WHAT NEEDS TO BE DONE: With the pictures left out, restate exactly the part below that opens with the line containing "Le quiebran un brazo para robarle\u002E" and closes with the line containing "Epidural hematoma Skull".

LISTED ENTRIES:
++++++++++
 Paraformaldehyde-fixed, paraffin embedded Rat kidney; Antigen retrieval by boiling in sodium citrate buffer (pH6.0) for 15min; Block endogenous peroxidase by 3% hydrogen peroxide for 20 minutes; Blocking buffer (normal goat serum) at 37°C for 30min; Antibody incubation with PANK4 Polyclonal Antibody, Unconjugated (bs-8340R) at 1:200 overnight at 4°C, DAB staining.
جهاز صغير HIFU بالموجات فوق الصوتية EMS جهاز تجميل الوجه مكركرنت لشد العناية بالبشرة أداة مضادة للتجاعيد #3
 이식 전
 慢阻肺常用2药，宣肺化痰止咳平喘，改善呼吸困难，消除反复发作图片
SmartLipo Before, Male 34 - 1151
++++++++++
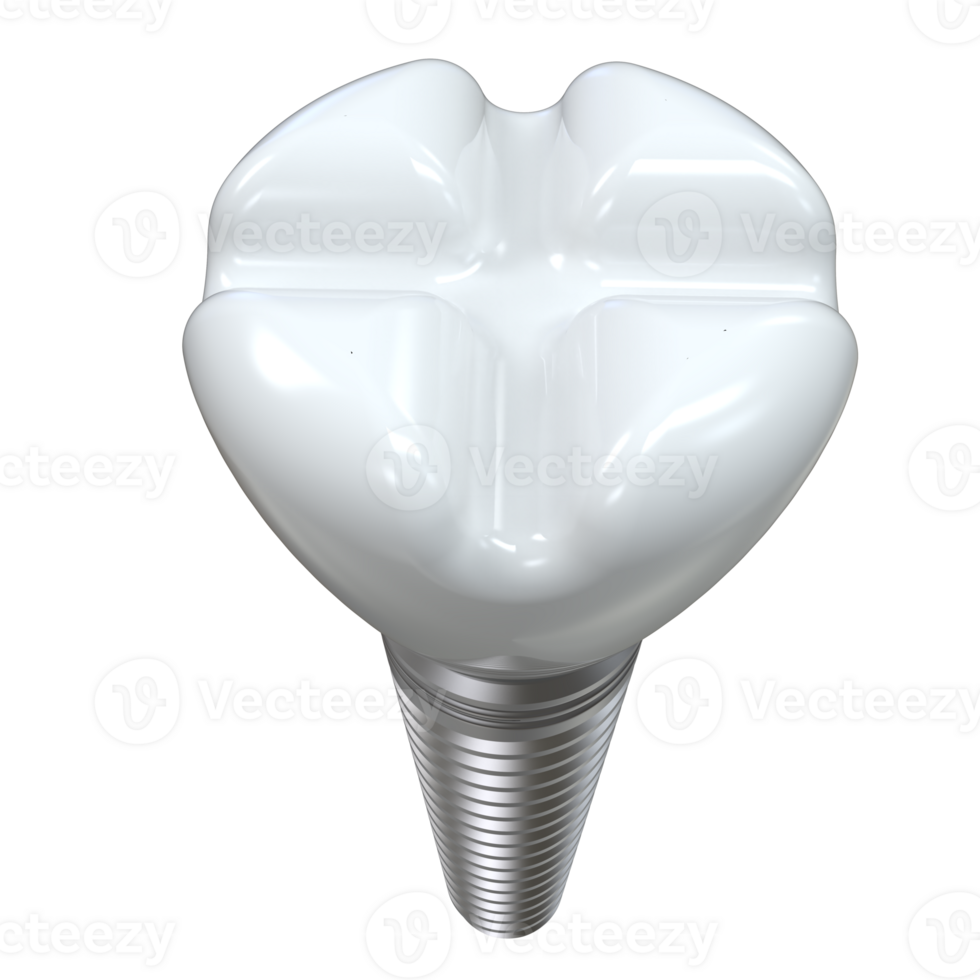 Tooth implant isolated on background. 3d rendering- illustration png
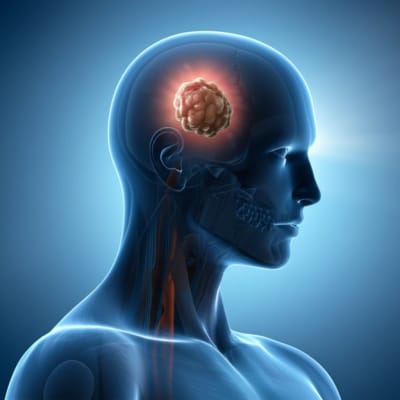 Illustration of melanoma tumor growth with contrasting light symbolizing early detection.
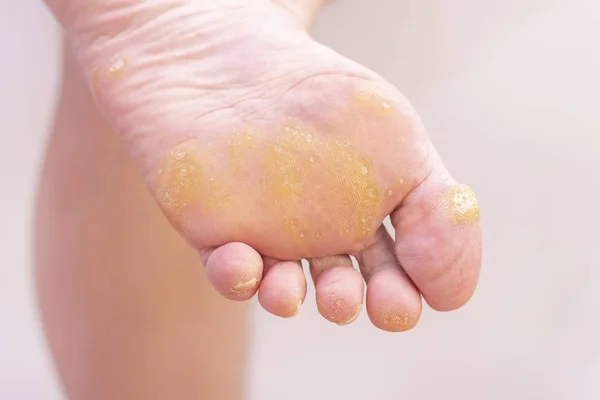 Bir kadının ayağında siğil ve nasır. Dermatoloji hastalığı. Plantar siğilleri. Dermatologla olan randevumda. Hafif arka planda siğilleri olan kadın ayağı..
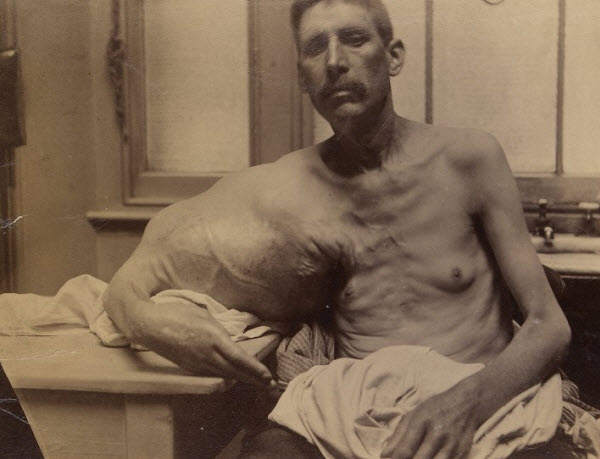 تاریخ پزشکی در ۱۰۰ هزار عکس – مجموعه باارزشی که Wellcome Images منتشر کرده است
++++++++++
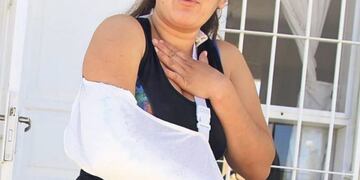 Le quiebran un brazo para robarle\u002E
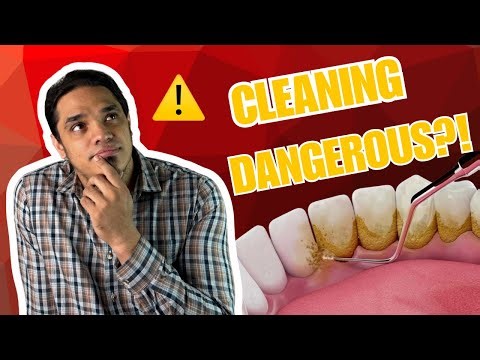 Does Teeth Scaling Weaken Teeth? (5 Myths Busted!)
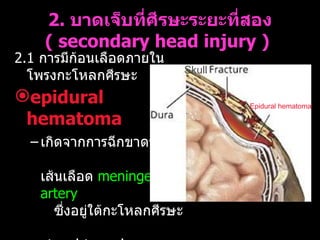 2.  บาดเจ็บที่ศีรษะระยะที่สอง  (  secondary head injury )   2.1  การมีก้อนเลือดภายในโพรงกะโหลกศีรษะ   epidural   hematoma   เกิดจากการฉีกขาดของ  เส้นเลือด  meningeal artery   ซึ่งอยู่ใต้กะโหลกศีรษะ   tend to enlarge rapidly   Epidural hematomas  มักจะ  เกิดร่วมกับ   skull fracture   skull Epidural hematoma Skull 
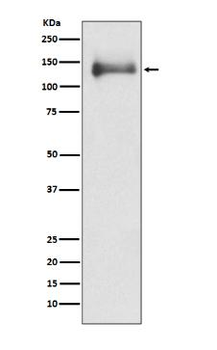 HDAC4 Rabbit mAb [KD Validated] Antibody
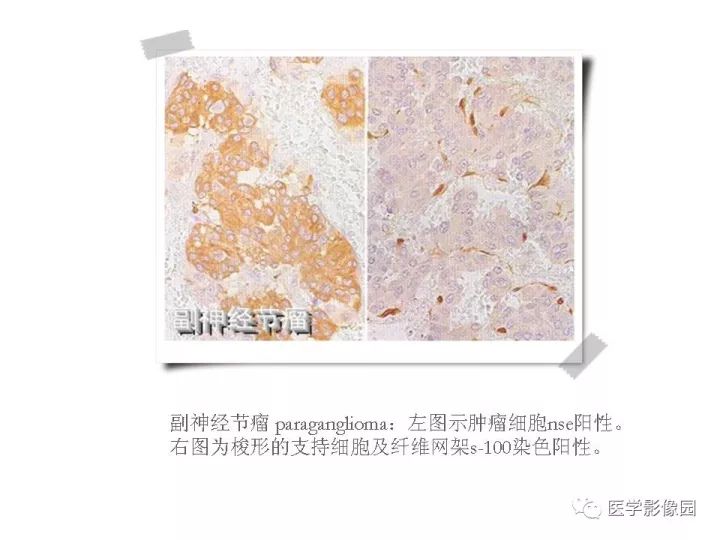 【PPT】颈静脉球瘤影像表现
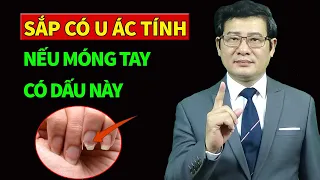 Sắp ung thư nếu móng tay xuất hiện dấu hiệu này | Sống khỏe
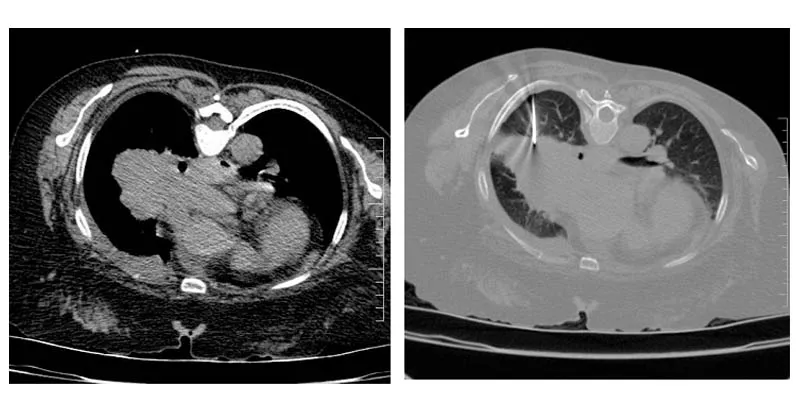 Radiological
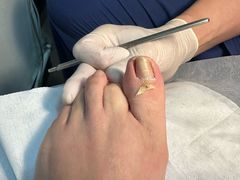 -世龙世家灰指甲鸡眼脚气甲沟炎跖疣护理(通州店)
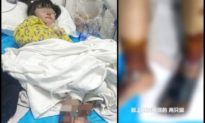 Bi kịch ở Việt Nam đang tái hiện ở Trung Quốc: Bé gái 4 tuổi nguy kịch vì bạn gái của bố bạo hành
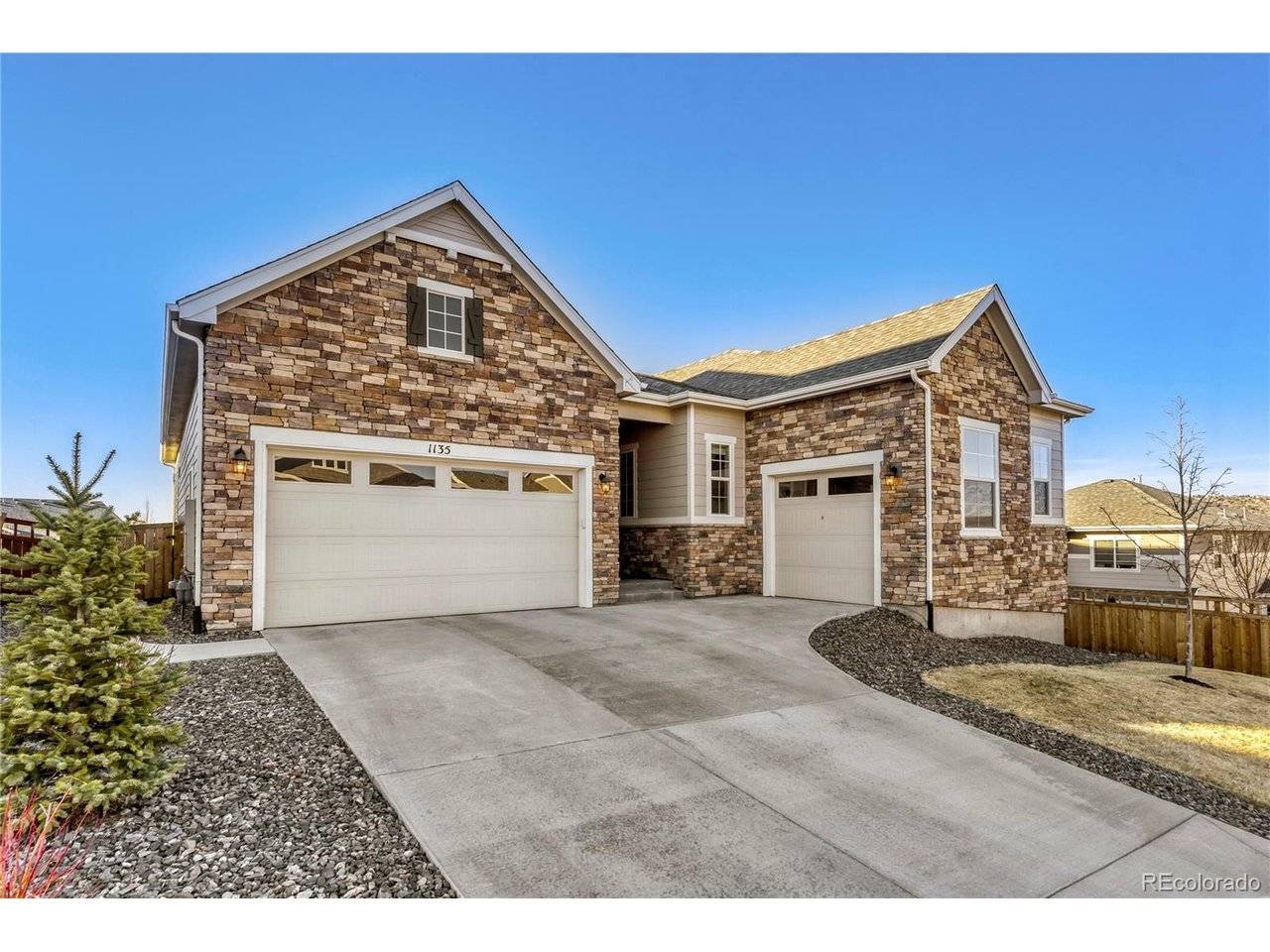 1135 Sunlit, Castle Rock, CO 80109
++++++++++
SOLVED EXERCISE:
 Le quiebran un brazo para robarle\u002E
 Does Teeth Scaling Weaken Teeth? (5 Myths Busted!)
 2.  บาดเจ็บที่ศีรษะระยะที่สอง  (  secondary head injury )   2.1  การมีก้อนเลือดภายในโพรงกะโหลกศีรษะ   epidural   hematoma   เกิดจากการฉีกขาดของ  เส้นเลือด  meningeal artery   ซึ่งอยู่ใต้กะโหลกศีรษะ   tend to enlarge rapidly   Epidural hematomas  มักจะ  เกิดร่วมกับ   skull fracture   skull Epidural hematoma Skull 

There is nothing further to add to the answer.